Since last August 25th around 700,000 Rohingya people have fled Myanmar and sought sanctuary in Bangladesh where they settled among the previous migratory waves of Rohingya, bringing their community to over one million.  The stateless Muslim Rohingya minority has often been described as one of “the most persecuted minorities” at a global level and has been a major target of persecution in light of their religious faith. Rohingya people are Muslim in a country, Myanmar, where the great majority of inhabitants are Buddhist. Moreover, their discrimination is historically rooted and motivated by a change of the borders of the former British Empire, when the area was administered as an Indian province. When Burma declared independence, from British rule, clashes between natives and Rohingya people escalated. The first humanitarian crisis occurred in the 1970s, triggering the flight of 200,000 Rohingya to Bangladesh.

In the 1990s, another massive wave of forced migration pushed hundreds of thousands desperate people to cross the border between Myanmar and Bangladesh to reach safety. New arrivals added to old Rohingya, who settled in different areas. At that time the Kutupalong and Nayapara camps were established to host the unprecedented number of newly-arrived Rohingya, but chaos and overcrowding did not help in managing them. In 2014 the UNHCR, after many boat crossings were recorded and inter-communal violence erupted again, stated that amid the camps under its mandate an estimated 33,000 people were living, while between 200,000 and 500,000 individuals had never been officially listed registered by Bangladeshi authorities.
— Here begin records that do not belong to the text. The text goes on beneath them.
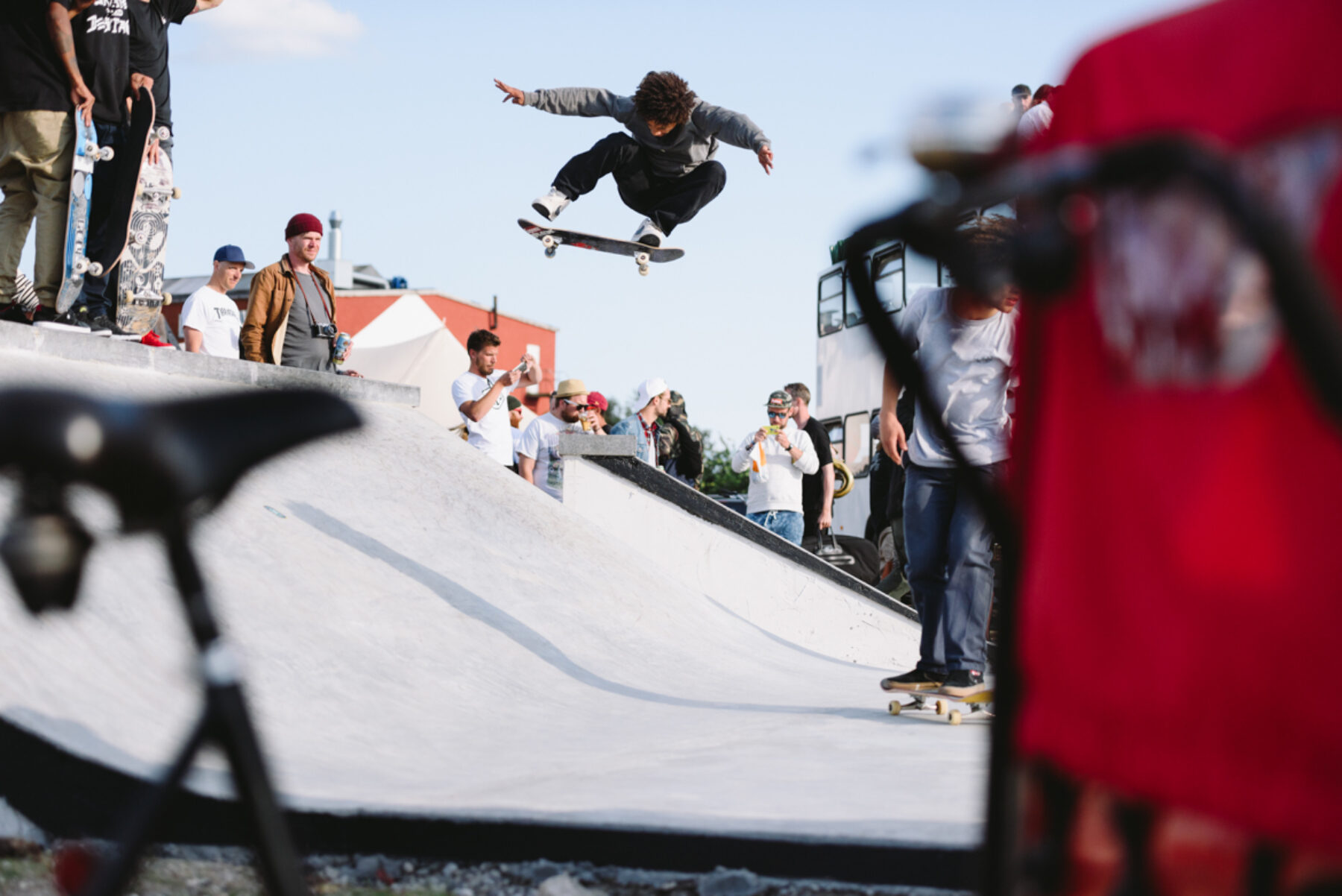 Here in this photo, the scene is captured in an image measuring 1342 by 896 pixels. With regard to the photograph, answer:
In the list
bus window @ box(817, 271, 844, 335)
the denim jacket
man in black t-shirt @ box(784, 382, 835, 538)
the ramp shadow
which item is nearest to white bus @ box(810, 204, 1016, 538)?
bus window @ box(817, 271, 844, 335)

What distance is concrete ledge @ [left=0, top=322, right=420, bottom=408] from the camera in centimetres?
557

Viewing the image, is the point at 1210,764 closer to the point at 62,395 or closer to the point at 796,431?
the point at 62,395

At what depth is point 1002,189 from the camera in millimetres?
965

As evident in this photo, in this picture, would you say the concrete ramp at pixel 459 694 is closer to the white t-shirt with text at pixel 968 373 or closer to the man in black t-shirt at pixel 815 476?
the white t-shirt with text at pixel 968 373

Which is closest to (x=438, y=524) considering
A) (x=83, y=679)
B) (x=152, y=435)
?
(x=83, y=679)

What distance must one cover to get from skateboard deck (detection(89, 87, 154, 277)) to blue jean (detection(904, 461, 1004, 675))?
14.9 ft

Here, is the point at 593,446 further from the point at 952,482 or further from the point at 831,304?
the point at 831,304

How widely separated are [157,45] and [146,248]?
118cm

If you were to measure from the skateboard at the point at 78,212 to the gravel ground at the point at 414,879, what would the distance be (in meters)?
4.37

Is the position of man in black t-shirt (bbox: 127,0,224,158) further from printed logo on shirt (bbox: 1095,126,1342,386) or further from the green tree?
the green tree

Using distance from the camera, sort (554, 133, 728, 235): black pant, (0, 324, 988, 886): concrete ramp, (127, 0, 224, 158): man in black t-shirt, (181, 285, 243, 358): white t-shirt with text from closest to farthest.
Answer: (0, 324, 988, 886): concrete ramp < (127, 0, 224, 158): man in black t-shirt < (181, 285, 243, 358): white t-shirt with text < (554, 133, 728, 235): black pant

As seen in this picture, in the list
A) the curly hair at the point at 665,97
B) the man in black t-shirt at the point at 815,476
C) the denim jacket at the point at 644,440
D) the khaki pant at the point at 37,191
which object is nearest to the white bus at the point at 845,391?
the man in black t-shirt at the point at 815,476

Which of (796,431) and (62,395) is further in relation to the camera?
(796,431)

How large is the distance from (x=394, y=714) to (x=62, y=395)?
127 inches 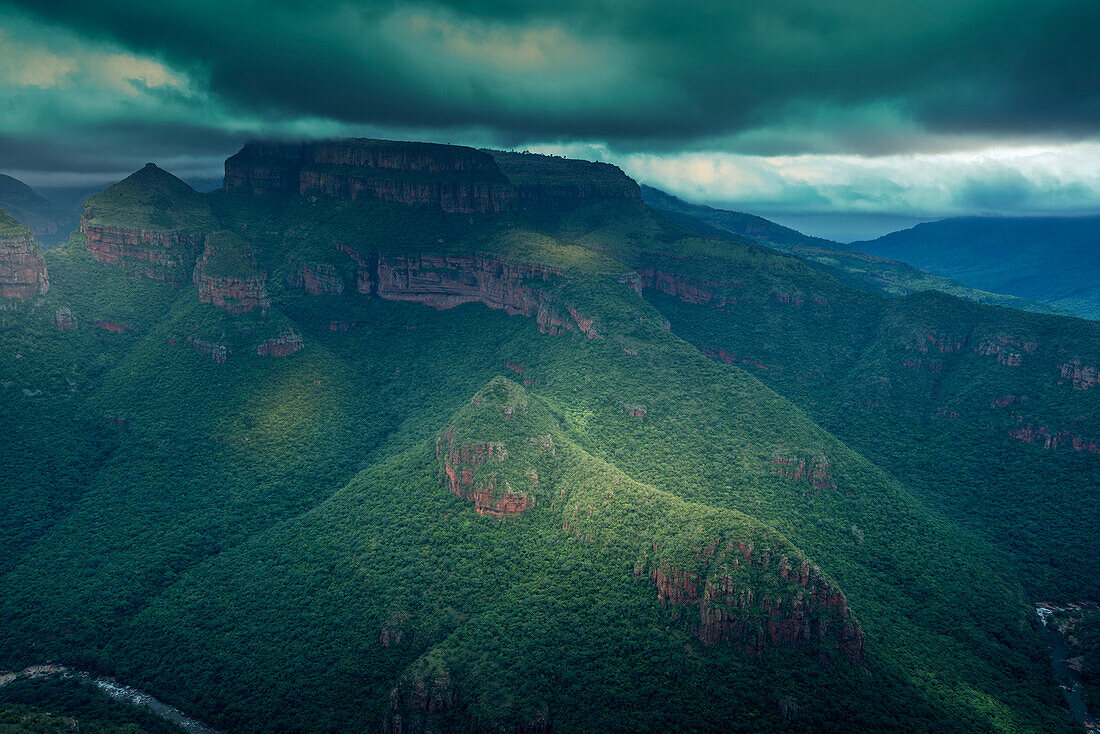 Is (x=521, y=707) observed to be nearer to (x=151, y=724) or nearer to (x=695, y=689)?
(x=695, y=689)

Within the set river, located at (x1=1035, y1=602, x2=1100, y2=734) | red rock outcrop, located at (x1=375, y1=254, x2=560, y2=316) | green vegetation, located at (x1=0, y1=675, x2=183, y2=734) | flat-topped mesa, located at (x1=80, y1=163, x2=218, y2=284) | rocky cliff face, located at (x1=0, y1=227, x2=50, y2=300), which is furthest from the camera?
flat-topped mesa, located at (x1=80, y1=163, x2=218, y2=284)

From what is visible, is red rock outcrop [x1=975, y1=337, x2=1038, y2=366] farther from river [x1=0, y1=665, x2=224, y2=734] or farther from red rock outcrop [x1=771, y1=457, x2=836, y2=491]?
river [x1=0, y1=665, x2=224, y2=734]

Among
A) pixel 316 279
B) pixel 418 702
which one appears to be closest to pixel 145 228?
pixel 316 279

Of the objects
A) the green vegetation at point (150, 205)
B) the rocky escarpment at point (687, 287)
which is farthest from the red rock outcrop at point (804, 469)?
the green vegetation at point (150, 205)

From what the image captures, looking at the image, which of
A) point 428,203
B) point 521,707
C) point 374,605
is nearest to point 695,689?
point 521,707

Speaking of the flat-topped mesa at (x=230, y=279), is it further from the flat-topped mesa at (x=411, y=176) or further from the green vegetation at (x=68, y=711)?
the green vegetation at (x=68, y=711)

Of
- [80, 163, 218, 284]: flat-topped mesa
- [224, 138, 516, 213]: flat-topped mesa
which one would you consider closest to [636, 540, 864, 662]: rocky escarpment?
[224, 138, 516, 213]: flat-topped mesa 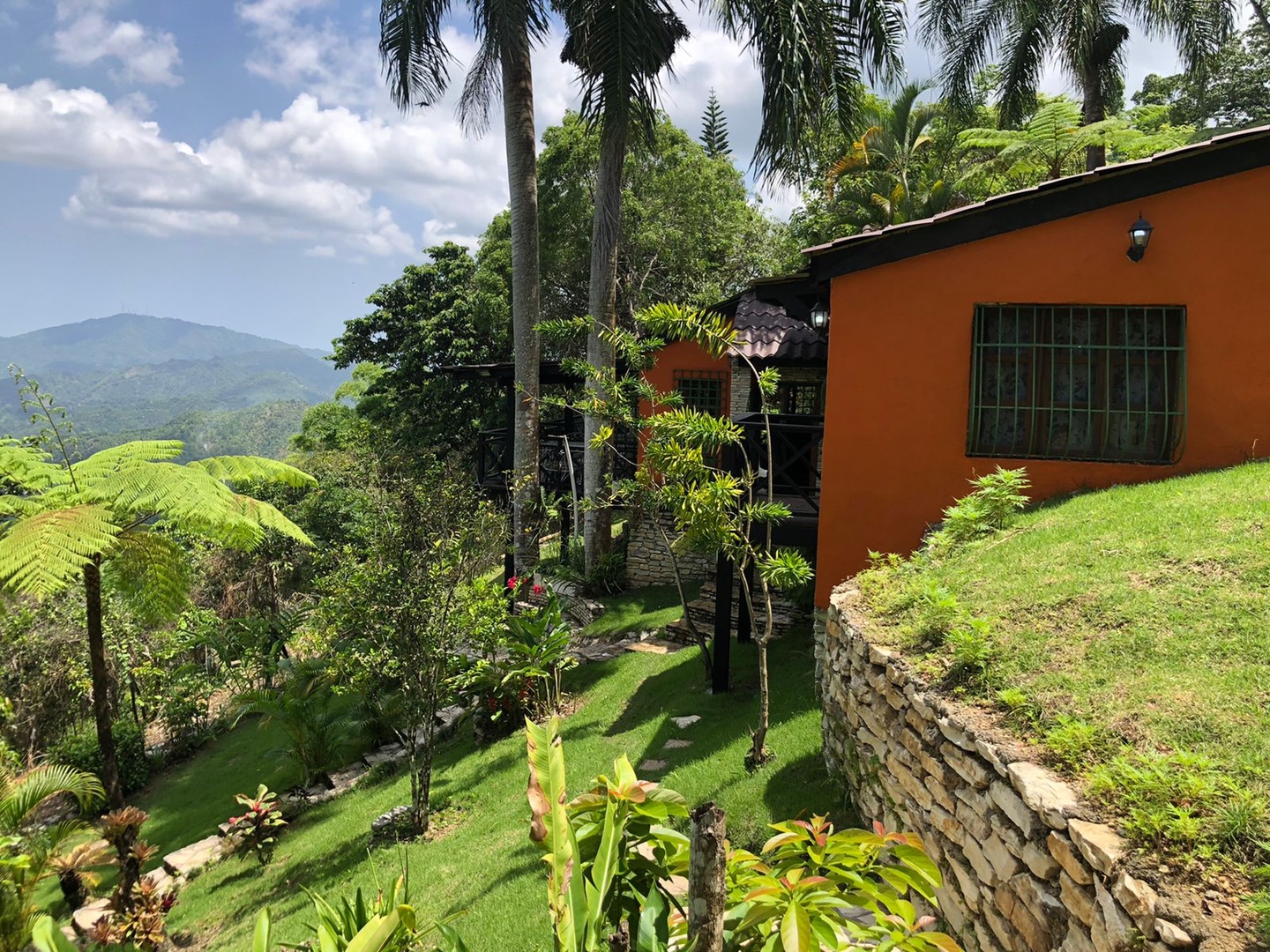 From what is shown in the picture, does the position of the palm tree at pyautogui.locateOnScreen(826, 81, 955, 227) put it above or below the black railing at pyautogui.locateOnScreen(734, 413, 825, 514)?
above

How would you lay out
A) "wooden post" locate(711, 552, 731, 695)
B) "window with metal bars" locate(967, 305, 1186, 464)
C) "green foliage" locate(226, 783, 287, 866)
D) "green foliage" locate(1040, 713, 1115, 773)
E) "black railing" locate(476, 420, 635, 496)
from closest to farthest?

Such a huge discrepancy in figures of registered people is not a mere statistical relevance, but turns desperate people into ghosts, whose rights can hardly be protected. If authorities do not even know about you, how could they focus on your personal development or implement supportive strategies? As recently documented, unregistered births can further foster human trafficking, and “unregistered refugees are unable to register their children”, who then become untraceable.

However, legal provisions and status are not the only threat to Rohingya people.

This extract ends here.